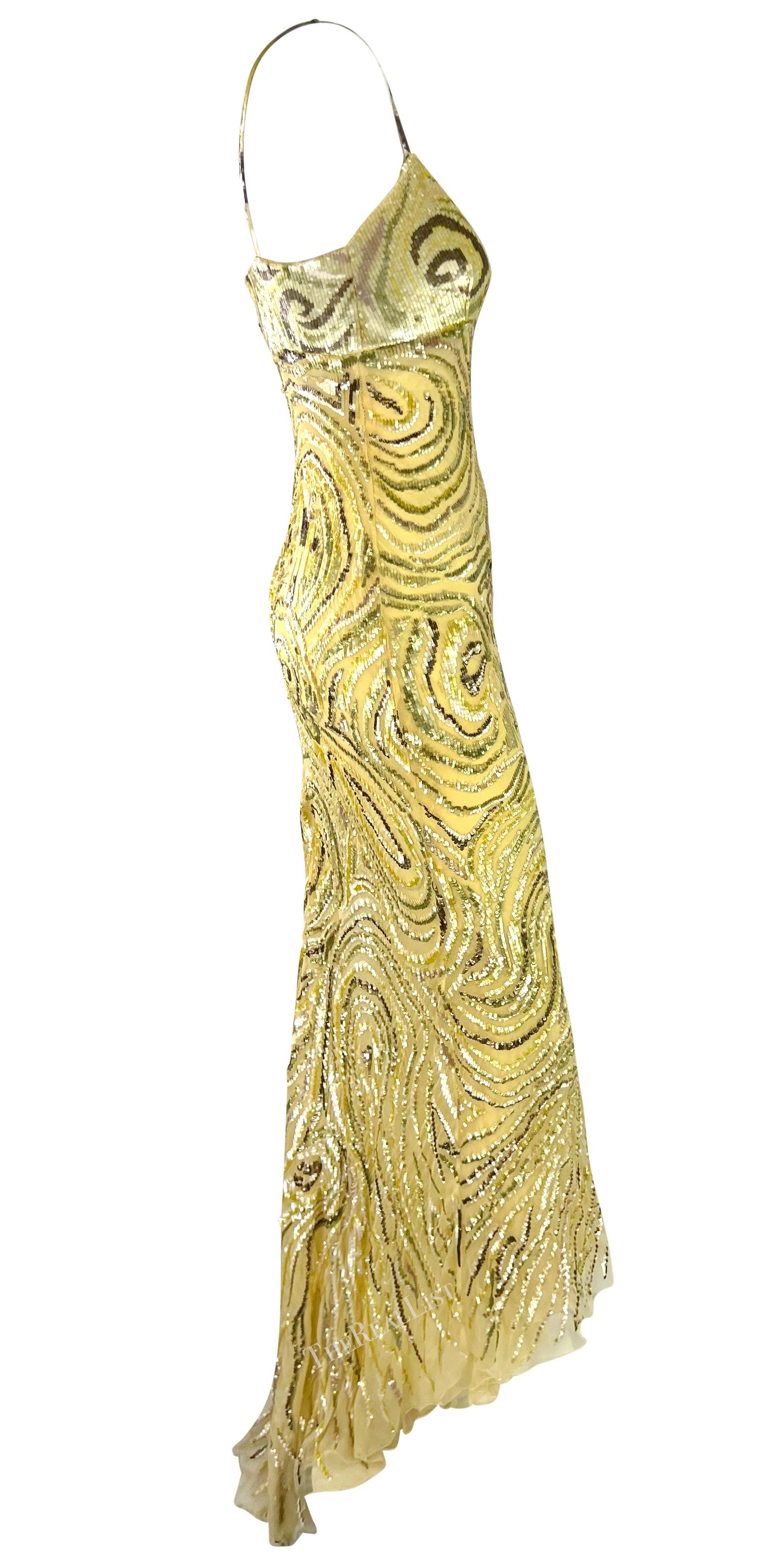 S/S 1997 Valentino Garavani Runway Naomi Abstract Organic Form Sequin Gown For Sale 14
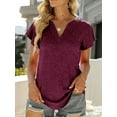 thumbnail image 3 of Encolax Womens Summer V Neck T Shirt Ruffle Short Sleeve Tunic Blouses Maroon XL, 3 of 7
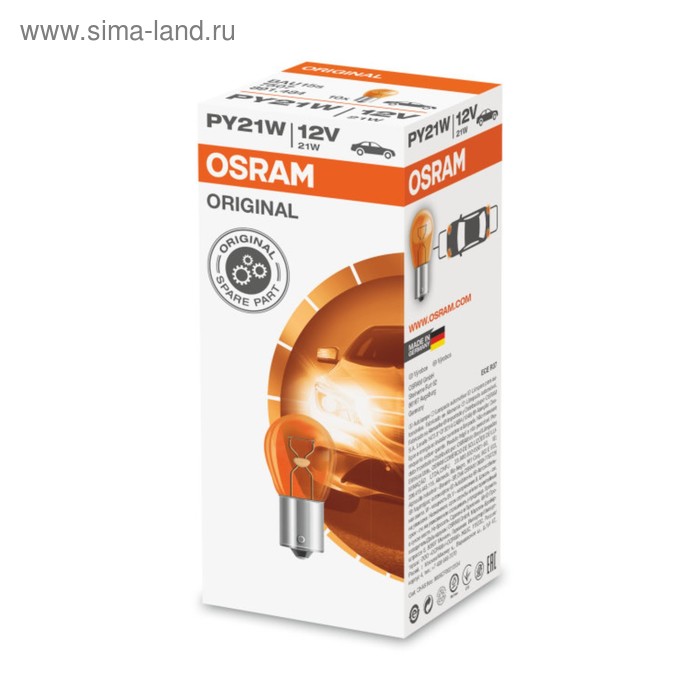 фото Лампа автомобильная osram, p21/5w, 12 в, 21/5 вт, 7240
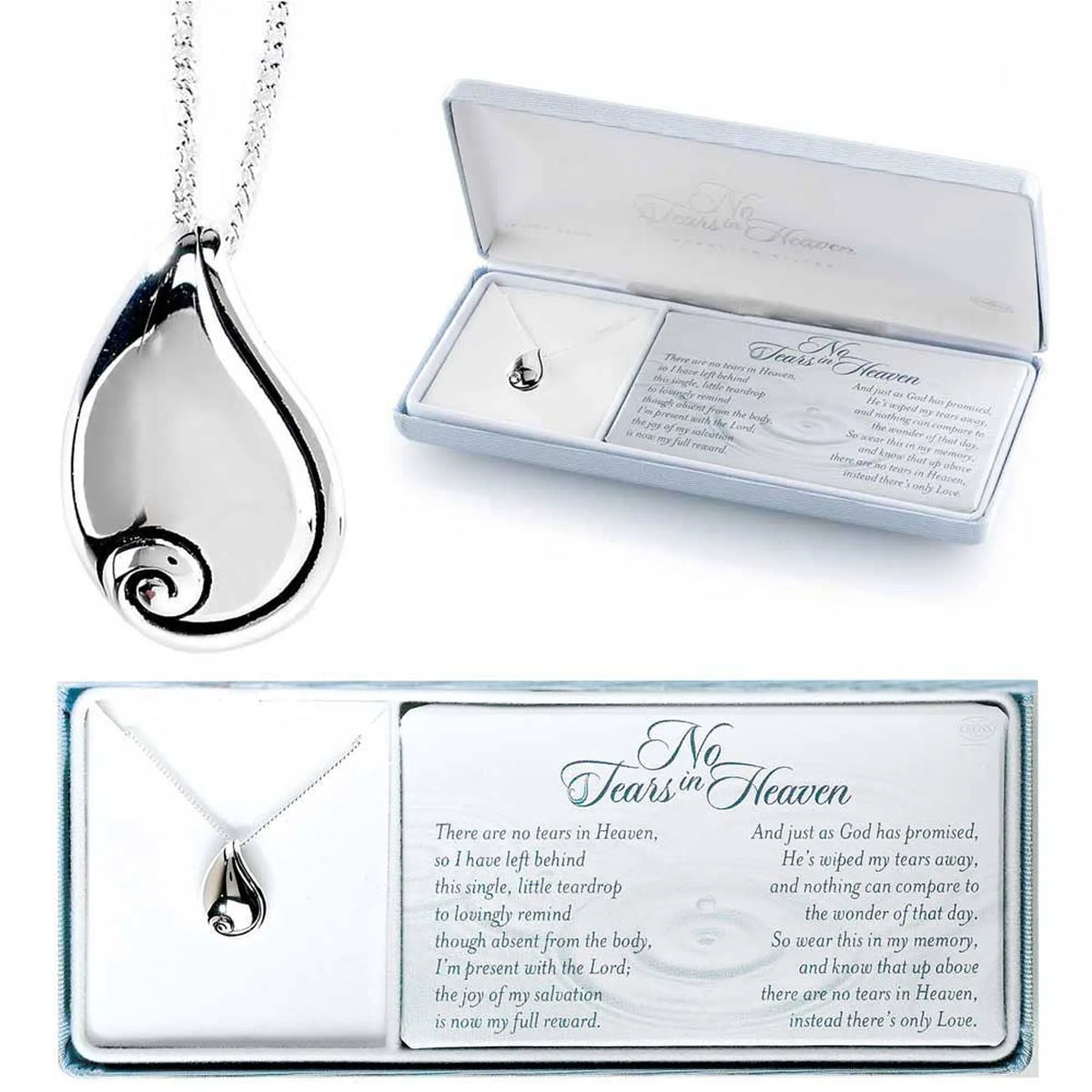 No Tears In Heaven' Necklace W/18' Chain Sterling Silver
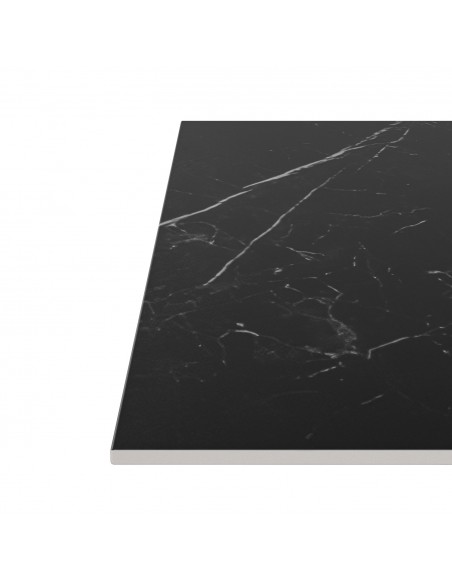 Mesa de cozinha quadrada SAMIRA 70x75, tampo em porcelânico preto e base em metal branco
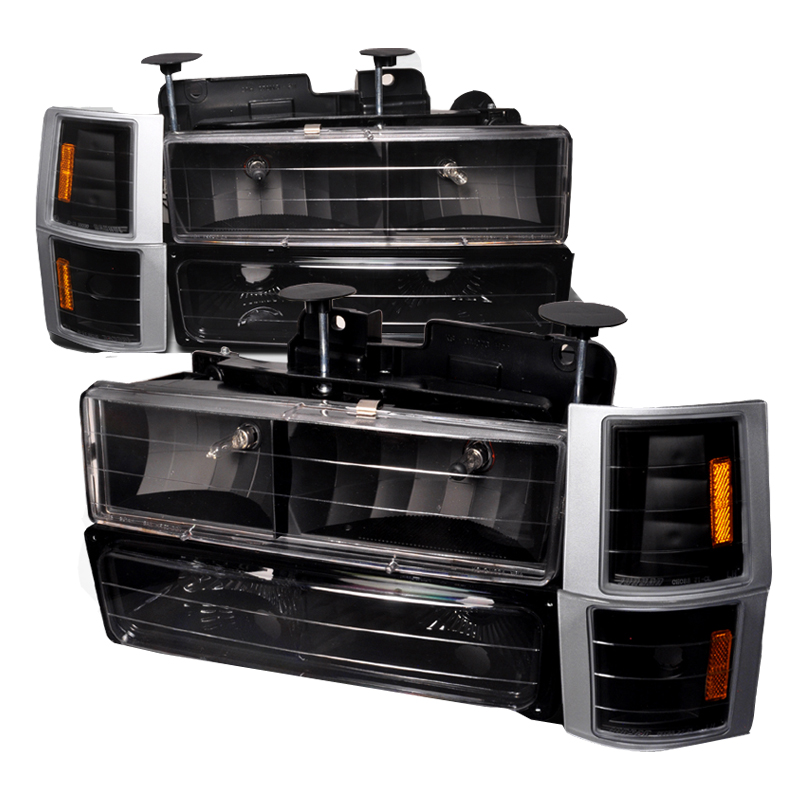 Euro Headlights, Bumper Lights & Corner Lights for 1994-1998 Chevy C10 - Black, 8 Piece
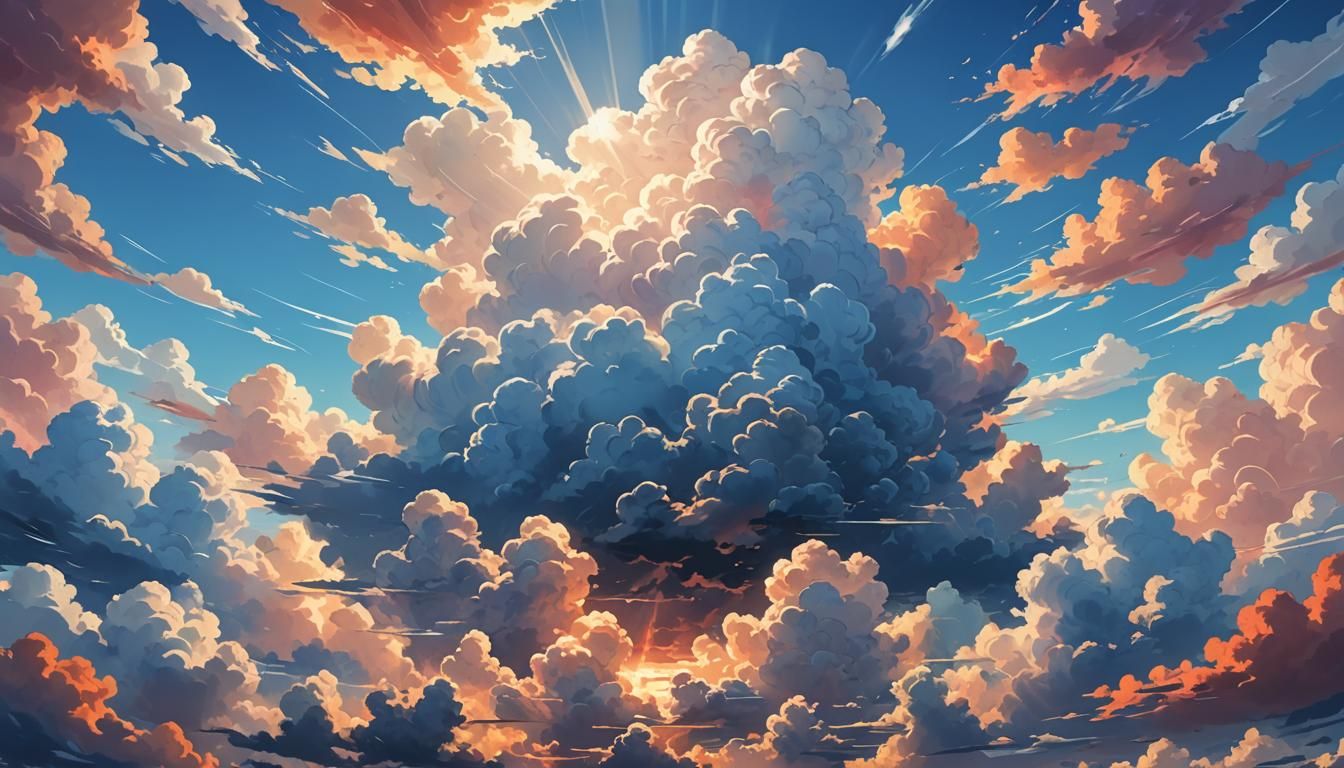 Majestic Clouds Soar in a Brilliant Blue Sky, Anime Style
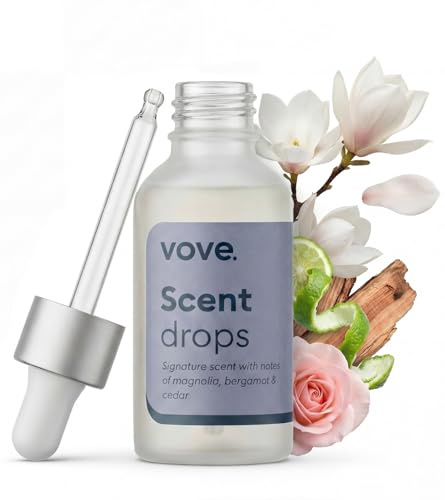 Vove Signature Scent Drops, Magnolia, Bergamot & Cedar - Laundry Fragrance Oil with Glass Dropper, Scent Booster, For Tumble Dryer Balls, Hypoallergenic, Biodegradable Musk, FSC-Certified Packaging
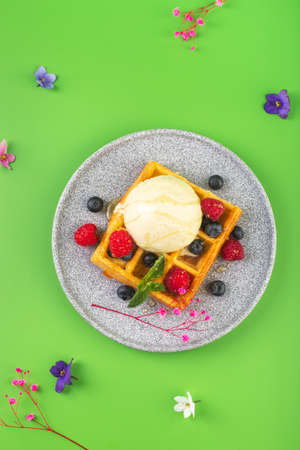 Belgian waffles with ice cream berries and flower on greenの写真素材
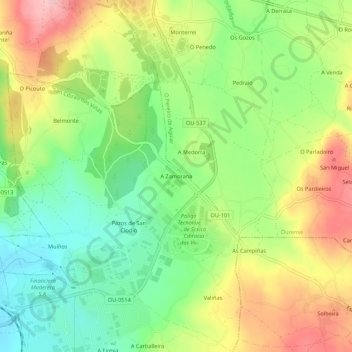 Mappa topografica A Zamorana, altitudine, rilievo
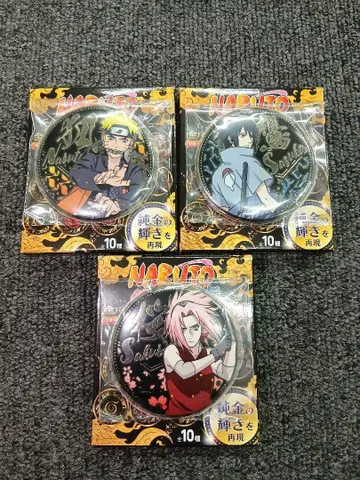 나루토 금 캔뱃지 3개 세트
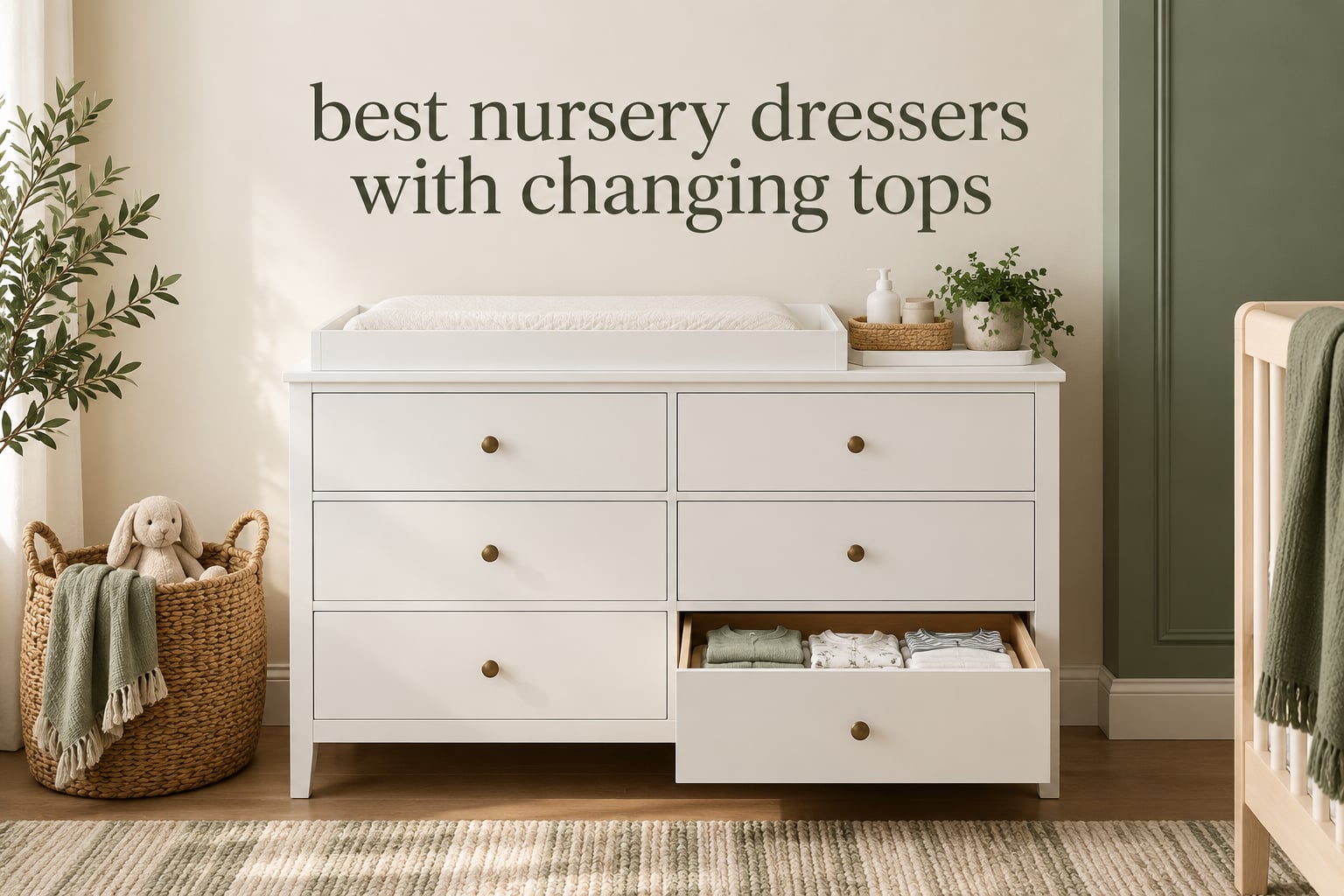 best nursery dressers with changing tops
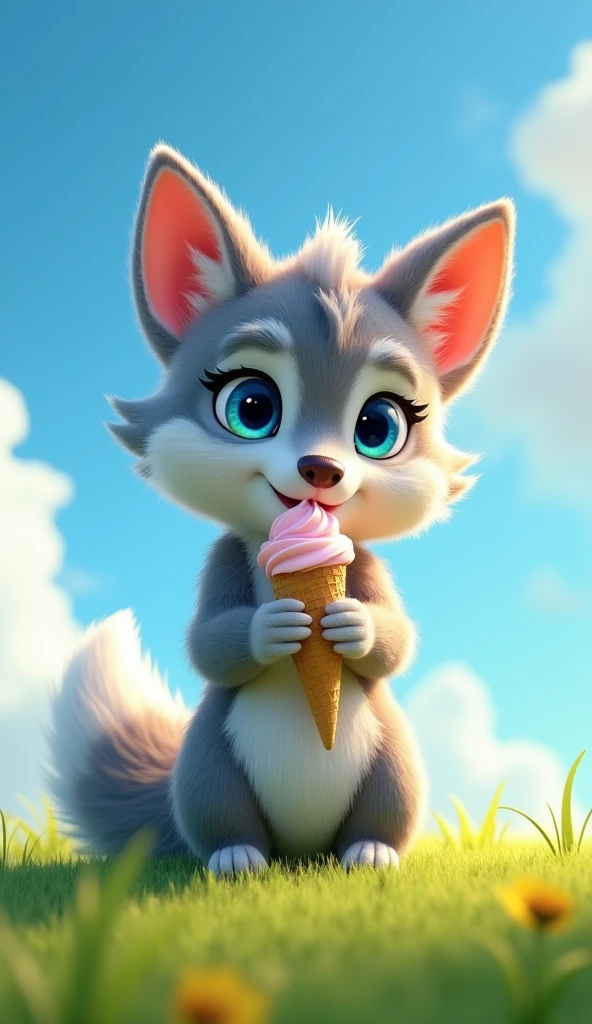 A wolf-like furry creature, extremely detailed furry body, big blue eyes, furry ears, eating ice cream, white stomach, white end of tail, (best quality,4k,8k,highres,masterpiece:1.2),ultra-detailed,(realistic,photorealistic,photo-realistic:1.37),hyperrealistic,highly detailed,intricate details,soft lighting,vibrant colors,whimsical,cute,fantasy creature,stand on the grass，blue skies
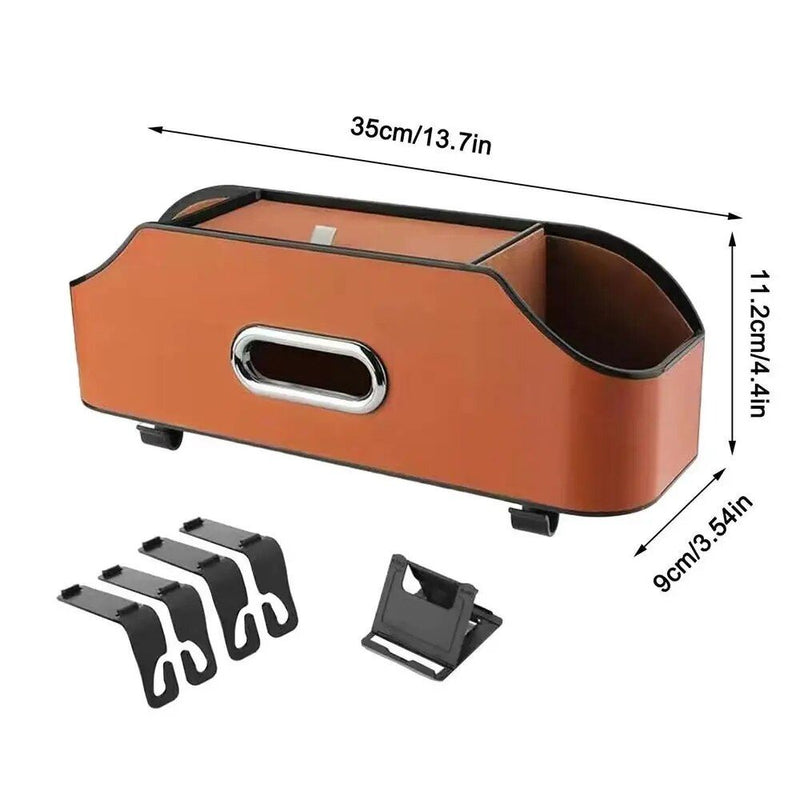 PU leather car seat back organizer, view 3 - MRSLM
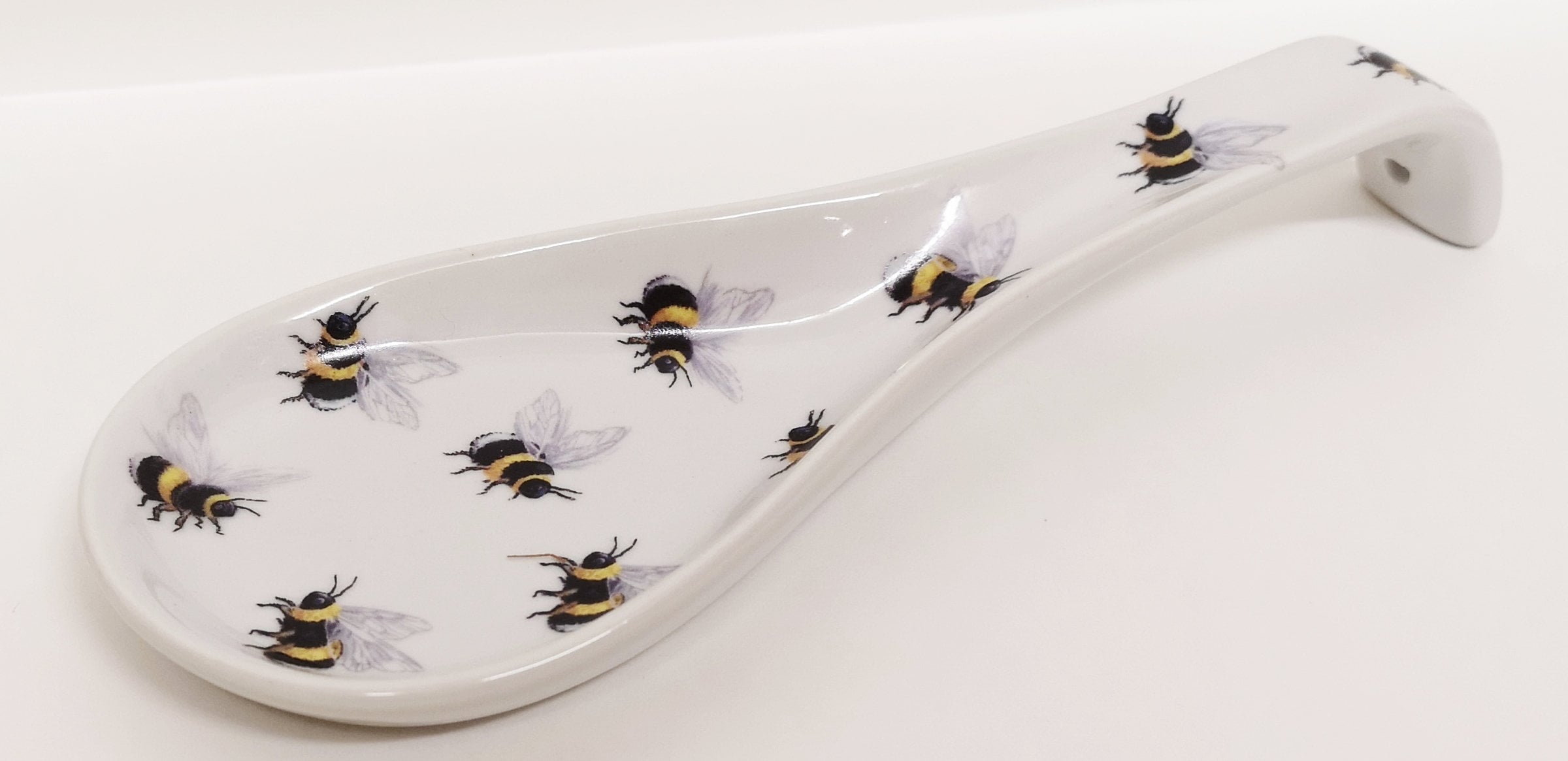 Bees Spoon Rest Medium 22cm Ceramic Porcelain Multi Bumble Etsy UK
======
Problem to work on: Restate word for word each line from the top of the listing down to and including the line that holds "best nursery dressers with changing tops". Drop any pictures.

Output for this exercise:
 S/S 1997 Valentino Garavani Runway Naomi Abstract Organic Form Sequin Gown For Sale 14
 thumbnail image 3 of Encolax Womens Summer V Neck T Shirt Ruffle Short Sleeve Tunic Blouses Maroon XL, 3 of 7
 фото Лампа автомобильная osram, p21/5w, 12 в, 21/5 вт, 7240
 No Tears In Heaven' Necklace W/18' Chain Sterling Silver
 Mesa de cozinha quadrada SAMIRA 70x75, tampo em porcelânico preto e base em metal branco
 Euro Headlights, Bumper Lights & Corner Lights for 1994-1998 Chevy C10 - Black, 8 Piece
 Majestic Clouds Soar in a Brilliant Blue Sky, Anime Style
 Vove Signature Scent Drops, Magnolia, Bergamot & Cedar - Laundry Fragrance Oil with Glass Dropper, Scent Booster, For Tumble Dryer Balls, Hypoallergenic, Biodegradable Musk, FSC-Certified Packaging
 Belgian waffles with ice cream berries and flower on greenの写真素材
 Mappa topografica A Zamorana, altitudine, rilievo
 나루토 금 캔뱃지 3개 세트
 best nursery dressers with changing tops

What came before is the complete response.